Call the prometheus endpoint of my OTEL collector.

Expected behavior

Collect Trino's JVM metrics

Actual behavior

Trino's JVM metrics missing. For the configuration rule defined for mapping the attribute memorypool of bean trino.memory:name=general,type=memorypool to otelcol_trino_memorypool_freebytes. It doesn't work.

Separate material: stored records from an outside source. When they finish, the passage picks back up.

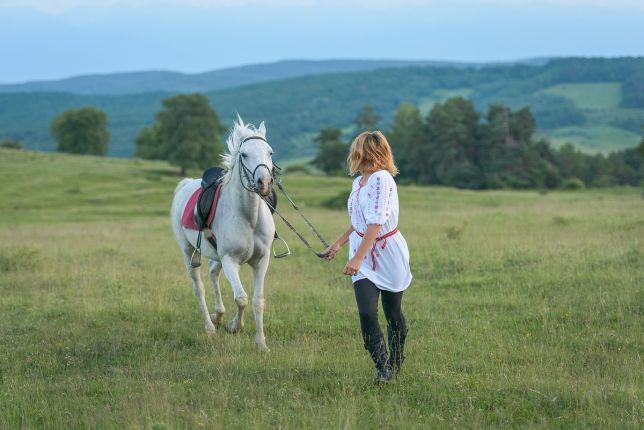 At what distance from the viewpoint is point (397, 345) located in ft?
23.6

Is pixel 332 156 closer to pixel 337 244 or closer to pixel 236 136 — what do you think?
pixel 236 136

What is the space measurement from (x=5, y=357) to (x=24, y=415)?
2533 millimetres

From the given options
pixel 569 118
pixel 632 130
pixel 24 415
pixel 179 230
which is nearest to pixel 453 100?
pixel 179 230

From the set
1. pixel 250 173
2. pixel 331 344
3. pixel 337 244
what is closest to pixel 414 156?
pixel 331 344

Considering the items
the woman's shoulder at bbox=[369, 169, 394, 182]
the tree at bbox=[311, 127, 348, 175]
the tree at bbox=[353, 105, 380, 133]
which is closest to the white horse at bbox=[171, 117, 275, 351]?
the woman's shoulder at bbox=[369, 169, 394, 182]

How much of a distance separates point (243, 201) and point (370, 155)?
2813 mm

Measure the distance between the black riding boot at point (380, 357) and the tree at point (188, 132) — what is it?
6296 cm

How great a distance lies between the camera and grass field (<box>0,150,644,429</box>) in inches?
250

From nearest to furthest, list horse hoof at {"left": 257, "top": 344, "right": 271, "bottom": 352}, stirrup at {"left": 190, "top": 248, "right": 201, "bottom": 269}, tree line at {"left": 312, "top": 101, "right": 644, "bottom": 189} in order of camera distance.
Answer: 1. horse hoof at {"left": 257, "top": 344, "right": 271, "bottom": 352}
2. stirrup at {"left": 190, "top": 248, "right": 201, "bottom": 269}
3. tree line at {"left": 312, "top": 101, "right": 644, "bottom": 189}

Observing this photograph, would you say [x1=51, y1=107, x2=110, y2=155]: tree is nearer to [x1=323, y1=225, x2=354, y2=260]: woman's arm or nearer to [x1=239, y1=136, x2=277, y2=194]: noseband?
[x1=239, y1=136, x2=277, y2=194]: noseband

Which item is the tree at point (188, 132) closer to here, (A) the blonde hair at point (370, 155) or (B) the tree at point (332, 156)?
(B) the tree at point (332, 156)

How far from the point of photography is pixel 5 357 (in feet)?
28.9

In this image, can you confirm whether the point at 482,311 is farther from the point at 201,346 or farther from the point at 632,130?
the point at 632,130

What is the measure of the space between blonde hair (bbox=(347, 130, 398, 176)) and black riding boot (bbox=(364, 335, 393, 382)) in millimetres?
1576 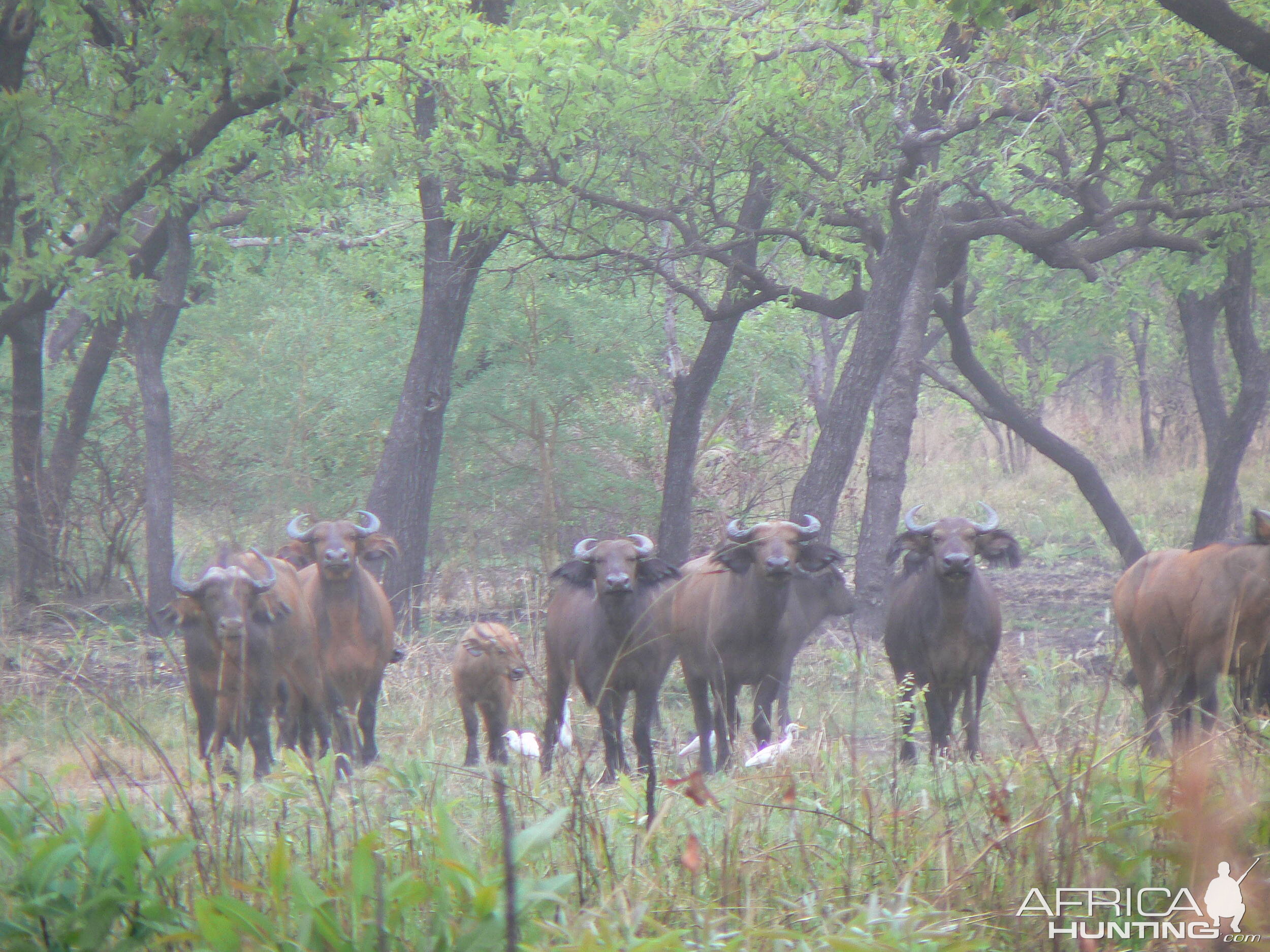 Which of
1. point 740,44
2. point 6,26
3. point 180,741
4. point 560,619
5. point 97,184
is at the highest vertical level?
point 740,44

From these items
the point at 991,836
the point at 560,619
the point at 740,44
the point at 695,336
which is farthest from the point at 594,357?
the point at 991,836

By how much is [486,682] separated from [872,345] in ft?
20.2

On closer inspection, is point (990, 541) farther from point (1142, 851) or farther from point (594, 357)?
point (594, 357)

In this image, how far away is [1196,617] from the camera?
24.8 feet

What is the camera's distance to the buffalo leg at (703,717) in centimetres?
814

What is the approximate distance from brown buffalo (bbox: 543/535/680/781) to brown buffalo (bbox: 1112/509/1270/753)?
3.00 meters

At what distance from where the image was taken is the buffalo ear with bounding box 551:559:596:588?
8.44m

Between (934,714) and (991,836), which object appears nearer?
(991,836)

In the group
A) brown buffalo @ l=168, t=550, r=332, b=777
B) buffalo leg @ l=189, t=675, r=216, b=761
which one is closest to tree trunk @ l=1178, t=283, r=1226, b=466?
brown buffalo @ l=168, t=550, r=332, b=777

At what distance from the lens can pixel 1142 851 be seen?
3436 mm

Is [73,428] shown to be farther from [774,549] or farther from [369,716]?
[774,549]

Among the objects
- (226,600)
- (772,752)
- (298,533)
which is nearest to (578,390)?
(298,533)

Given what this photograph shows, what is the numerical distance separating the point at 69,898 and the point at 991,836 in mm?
2550

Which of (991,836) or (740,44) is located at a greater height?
(740,44) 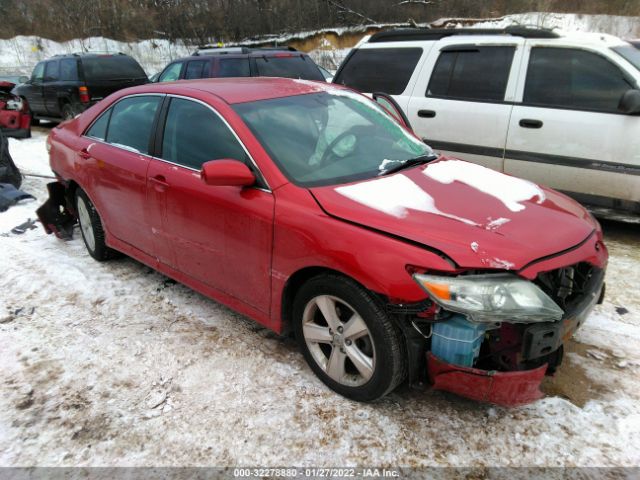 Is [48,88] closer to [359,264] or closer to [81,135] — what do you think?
[81,135]

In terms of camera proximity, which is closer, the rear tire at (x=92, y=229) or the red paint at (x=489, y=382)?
the red paint at (x=489, y=382)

I can't see the metrics otelcol_trino_memorypool_freebytes when calling the prometheus endpoint of my OTEL collector as below.

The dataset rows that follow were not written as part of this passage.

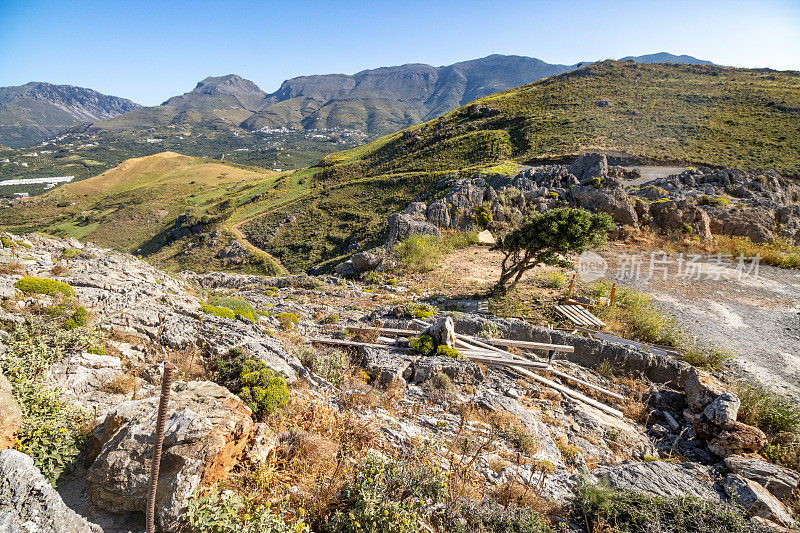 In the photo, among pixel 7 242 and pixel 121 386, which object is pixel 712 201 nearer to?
pixel 121 386

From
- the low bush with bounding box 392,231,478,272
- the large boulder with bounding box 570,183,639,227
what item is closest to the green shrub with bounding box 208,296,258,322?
the low bush with bounding box 392,231,478,272

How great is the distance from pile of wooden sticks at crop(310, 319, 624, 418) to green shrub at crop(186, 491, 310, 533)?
549 centimetres

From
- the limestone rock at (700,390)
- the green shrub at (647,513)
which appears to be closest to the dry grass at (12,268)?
the green shrub at (647,513)

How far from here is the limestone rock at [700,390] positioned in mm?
7137

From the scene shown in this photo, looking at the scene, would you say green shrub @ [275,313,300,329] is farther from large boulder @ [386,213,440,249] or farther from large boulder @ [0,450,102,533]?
large boulder @ [386,213,440,249]

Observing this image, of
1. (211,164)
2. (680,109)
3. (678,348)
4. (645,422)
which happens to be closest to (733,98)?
(680,109)

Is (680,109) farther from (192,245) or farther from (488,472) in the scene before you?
(192,245)

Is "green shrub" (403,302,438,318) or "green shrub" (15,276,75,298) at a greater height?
"green shrub" (15,276,75,298)

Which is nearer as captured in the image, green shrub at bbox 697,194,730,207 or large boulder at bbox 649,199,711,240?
large boulder at bbox 649,199,711,240

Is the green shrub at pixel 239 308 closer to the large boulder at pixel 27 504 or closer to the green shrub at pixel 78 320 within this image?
the green shrub at pixel 78 320

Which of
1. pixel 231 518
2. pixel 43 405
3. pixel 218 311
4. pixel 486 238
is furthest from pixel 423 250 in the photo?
pixel 231 518

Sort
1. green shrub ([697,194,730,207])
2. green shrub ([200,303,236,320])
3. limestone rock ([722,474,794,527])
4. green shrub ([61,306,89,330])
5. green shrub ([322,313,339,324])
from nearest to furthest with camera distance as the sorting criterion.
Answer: limestone rock ([722,474,794,527])
green shrub ([61,306,89,330])
green shrub ([200,303,236,320])
green shrub ([322,313,339,324])
green shrub ([697,194,730,207])

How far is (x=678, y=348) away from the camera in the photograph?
9789mm

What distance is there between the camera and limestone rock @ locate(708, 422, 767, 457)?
6133 millimetres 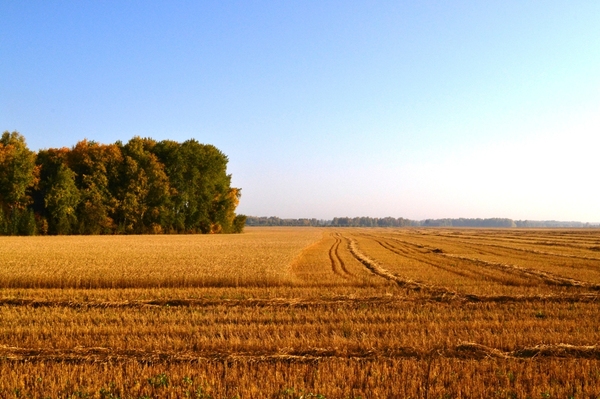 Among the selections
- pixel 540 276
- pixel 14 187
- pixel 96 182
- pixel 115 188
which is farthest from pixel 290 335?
pixel 115 188

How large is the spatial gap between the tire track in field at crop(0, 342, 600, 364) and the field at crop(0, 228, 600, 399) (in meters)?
0.04

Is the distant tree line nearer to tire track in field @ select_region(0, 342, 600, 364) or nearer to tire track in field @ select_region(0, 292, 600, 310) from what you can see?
tire track in field @ select_region(0, 292, 600, 310)

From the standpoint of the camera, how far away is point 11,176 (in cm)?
5828

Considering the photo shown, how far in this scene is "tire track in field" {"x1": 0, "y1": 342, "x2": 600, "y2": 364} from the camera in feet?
26.9

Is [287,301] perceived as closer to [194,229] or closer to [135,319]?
[135,319]

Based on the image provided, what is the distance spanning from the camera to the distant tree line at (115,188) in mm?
59344

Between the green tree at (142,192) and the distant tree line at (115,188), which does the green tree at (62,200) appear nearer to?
the distant tree line at (115,188)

Javaagent or library instrumentation version

v2.3.0

Environment

JDK: openjdk 11.0.22
OS: Debian 10

Additional context

Using the JMX connector on Trino gives me the opportunity to query Java Management Extensions, and I can see the desired metric .

./trino-cli-436-executable.jar --server trino-otel.xpto.com:8080

trino> select * from jmx.current."trino.memory:name=general,type=memorypool";
 freebytes  |  maxbytes  | reservedbytes | reservedrevocablebytes |                 node                 |                object_name
------------+------------+---------------+------------------------+--------------------------------------+-------------------------------------------
 2727346112 | 2727346176 |            64 |                      0 | e48adfd0-14ca-5e7d-897e-9968b7ae72eb | trino.memory:type=MemoryPool,name=general
(1 row)

No response

Please provide instructions on how to run trino in a way that would allow connecting jconsole.

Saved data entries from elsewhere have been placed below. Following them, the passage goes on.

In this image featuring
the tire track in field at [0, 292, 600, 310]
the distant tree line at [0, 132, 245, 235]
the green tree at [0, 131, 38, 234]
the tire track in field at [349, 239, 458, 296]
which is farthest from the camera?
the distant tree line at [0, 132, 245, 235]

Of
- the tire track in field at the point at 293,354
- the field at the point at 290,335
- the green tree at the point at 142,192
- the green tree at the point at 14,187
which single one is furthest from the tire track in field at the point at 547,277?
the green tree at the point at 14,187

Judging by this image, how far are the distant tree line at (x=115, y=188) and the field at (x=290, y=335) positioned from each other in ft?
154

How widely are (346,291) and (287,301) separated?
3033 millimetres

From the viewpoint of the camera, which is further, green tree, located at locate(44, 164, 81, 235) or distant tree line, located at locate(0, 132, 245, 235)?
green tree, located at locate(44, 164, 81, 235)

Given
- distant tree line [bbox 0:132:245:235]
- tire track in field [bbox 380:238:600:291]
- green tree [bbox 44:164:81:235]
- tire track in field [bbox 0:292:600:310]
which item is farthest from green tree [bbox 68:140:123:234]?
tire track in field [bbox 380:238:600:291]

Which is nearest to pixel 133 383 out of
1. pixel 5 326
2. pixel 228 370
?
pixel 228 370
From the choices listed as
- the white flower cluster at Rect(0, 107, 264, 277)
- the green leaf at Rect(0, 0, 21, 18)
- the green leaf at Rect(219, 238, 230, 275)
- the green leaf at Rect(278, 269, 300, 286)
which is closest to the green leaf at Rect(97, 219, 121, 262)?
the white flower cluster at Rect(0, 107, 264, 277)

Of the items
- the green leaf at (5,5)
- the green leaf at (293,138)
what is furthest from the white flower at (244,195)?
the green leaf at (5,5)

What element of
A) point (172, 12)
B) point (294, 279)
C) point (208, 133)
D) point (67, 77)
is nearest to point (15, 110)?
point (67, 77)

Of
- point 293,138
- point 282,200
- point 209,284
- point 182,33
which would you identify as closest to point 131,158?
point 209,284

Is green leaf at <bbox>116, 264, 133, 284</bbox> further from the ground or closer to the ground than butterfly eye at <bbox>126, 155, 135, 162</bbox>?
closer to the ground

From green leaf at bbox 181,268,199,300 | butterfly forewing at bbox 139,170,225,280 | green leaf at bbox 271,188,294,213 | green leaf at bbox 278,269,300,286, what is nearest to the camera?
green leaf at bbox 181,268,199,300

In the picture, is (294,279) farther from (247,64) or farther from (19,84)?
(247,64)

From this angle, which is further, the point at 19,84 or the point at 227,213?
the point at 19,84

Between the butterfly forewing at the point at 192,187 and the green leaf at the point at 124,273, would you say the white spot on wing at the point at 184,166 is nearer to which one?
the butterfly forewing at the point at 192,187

@laurit thank you for your response.

To enable JConsole connection with Trino, you can follow the instructions provided in the official Trino documentation at the following link: Trino JMX Configuration.

Additionally, I've configured my Trino instance to allow JMX connection by adding the necessary JMX connector configuration to the Trino configuration file. Here is a snippet of my configuration:

jmx:
    jmx.rmiregistry.port=7199
    jmx.rmiserver.port=7199

This is enough or do you need to see the entire configuration file?

try

---
rules:
  - bean: trino.memory:name=general,type=MemoryPool
    mapping:
      FreeBytes:
        metric: otelcol_trino_memorypool_freebytes
        type: gauge
        desc: Pool memory freebytes
        unit: By

Hi @laurit ,

After implementing the requested change, the problem persists. Could there be a misconfiguration on the otel-collector side? I've checked the logs file, but I can't find anything relevant.

Thanks

@fabjesus look at the output from the logging exporter. It should contain something like

ScopeMetrics #3
ScopeMetrics SchemaURL:
InstrumentationScope io.opentelemetry.jmx
Metric #0
Descriptor:
     -> Name: otelcol_trino_memorypool_freebytes
     -> Description: Pool memory freebytes
     -> Unit: By
     -> DataType: Gauge
NumberDataPoints #0
StartTimestamp: 2024-04-21 10:06:08.971527 +0000 UTC
Timestamp: 2024-04-21 10:07:32.427186 +0000 UTC
Value: 6012954214

@laurit I can't see that output on my logging exporter for the InstrumentationScope io.opentelemetry.jmx

@fabjesus please provide detailed instructions on how this could be reproduced. Start the instructions from downloading trino. For example download https://repo1.maven.org/maven2/io/trino/trino-server/445/trino-server-445.tar.gz create configuration file etc/config.properties with content ... etc. launch with command ...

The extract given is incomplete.